ALo
(2023)
Cracks in the Temple series
ALo holds the viewer in a state of exposure rather than protection. The work opens unevenly, with force and accumulation pressing forward on one side while the rest of the surface remains porous and marked by time. The balance is intentionally unstable. What emerges is not resolution, but a body negotiating freedom while still partially supported by what it is in the process of outgrowing.
The carved structure reads as something once protective and still relied upon, even as it no longer fully contains the figure it surrounds. The surface carries the mark of effort. Cuts deepen, widen, and close again, echoing the way strength develops inside motion rather than stillness. There is tenderness here, and abrasion, and the visible cost of self-definition. Autonomy does not preserve the body. It transforms it.

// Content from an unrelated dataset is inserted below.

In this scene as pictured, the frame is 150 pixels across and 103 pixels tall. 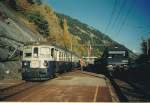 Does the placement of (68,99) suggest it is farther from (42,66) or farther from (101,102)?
(42,66)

Stand with this work and the pull is physical. The eye tracks outward and then back to center. One side advances. The other yields. The composition never quite settles, and that unease is the point. The figure is not asking for clarity or permission. It is asking to be seen while still forming.
Within Cracks in the Temple, ALo marks an early ignition point. It reflects the first moment when inherited structure gives way to authored identity, when the body begins to hold its own shape rather than relying on what once held it upright. The work does not reconcile vulnerability and strength. It allows both to remain present without hierarchy or solution, honoring the truth that freedom can feel expansive and exposed at the same time.